We really ALL are trade whores,,,, the faster and cheaper we are,, the more we make!!!!!!


----------



## DSJOHN (Apr 5, 2010)

I think if I could add some pretty **** stars to my crew,I,d pick up more business?


----------



## Schmidt & Co (Dec 14, 2010)

DSJOHN said:


> I think if I could add some pretty **** stars to my crew,I,d pick up more business?


A few years ago, there was a female painting company here in Chicago. It was four large chested women that always wore shorts and cut off t-shirts! :yes: First time I saw them I was driving my truck. Had to drive around the block to take another look.........:whistling2:


----------



## 2buckcanuck (Jul 9, 2010)

I could try being nicer to painters :boxing::laughing:


----------



## Capt-sheetrock (Dec 11, 2009)

2buckcanuck said:


> I could try being nicer to painters :boxing::laughing:


 Ya got to ease into that 2buck,,,,,, make sure you got all your meds in order !!!!!


----------



## McDusty (Oct 12, 2009)

2buckcanuck said:


> I could try being nicer to painters :boxing::laughing:


I am nicer to painters than anyone else. they are the ones that can make your life miserable.
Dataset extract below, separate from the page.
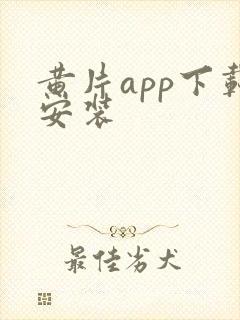 黄片app下载安装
and for the first time ever, i'm going to agree with cpt. the work speaks for itself. i have never spent a single dime/second marketing/advertising. my work vehicle has no company or # name on it. I don't even have a company name, i'm a sub-contactor, but word gets around when a good taper is in town. i had to turn a job down today because i just don't have the time. 12hr days all week and i'll be working the weekend, next 3 weeks look fairly similar.


----------



## Workaholic (Dec 13, 2010)

McDusty said:


> I am nicer to painters than anyone else. they are the ones that can make your life miserable.
> 
> and for the first time ever, i'm going to agree with cpt. the work speaks for itself. i have never spent a single dime/second marketing/advertising. my work vehicle has no company or # name on it. I don't even have a company name, i'm a sub-contactor, but word gets around when a good taper is in town. i had to turn a job down today because i just don't have the time. 12hr days all week and i'll be working the weekend, next 3 weeks look fairly similar.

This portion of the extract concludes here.